When pseudo inverse and general inverse of a invertible square matrix will be equal or not equal?

I calculated general inverse and pseudo inverse of a ivertible symmetrix matrix in MATLAB by using function inv and pinv respectively, but, I got different output. I didn't get the proper reason behind that.

Therefore, I want to know in which case, pinv and inv will produce same result and in which case, pinv and inv will produce different result?


Solution 1:

What is the relationship between the classic matrix inverse $\mathbf{A}^{-1}$ and the Moore-Penrose pseudoinverse matrix $\mathbf{A}^{+}$?

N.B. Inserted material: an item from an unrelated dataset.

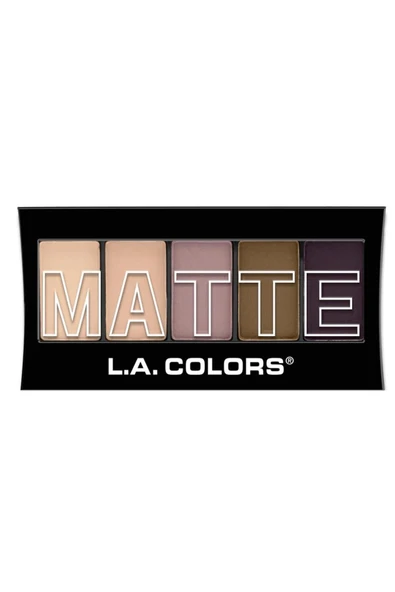L.A Colors Matte 5 Color Far Paleti-natural Lınen 81555744717 ürün görseli 1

The classic matrix inverse $\mathbf{A}^{-1}$ exists when the matrix $$\mathbf{A} \in\mathbb{C}^{m\times m}_{m}$$ is square, and has full rank. All eigenvalues are nonzero. The determinant is not zero.

The Moore-Penrose pseudoinverse $\mathbf{A}^{+}$ exists for all nonzero matrices $$\mathbf{A} \in\mathbb{C}^{m\times n}_{\rho}$$ How does this concept extend to the classic inverse where $n=\rho=m$?

Fundamental theorem of linear algebra

The fundamental theorem provides a nice way to connect the general problem with the specific case.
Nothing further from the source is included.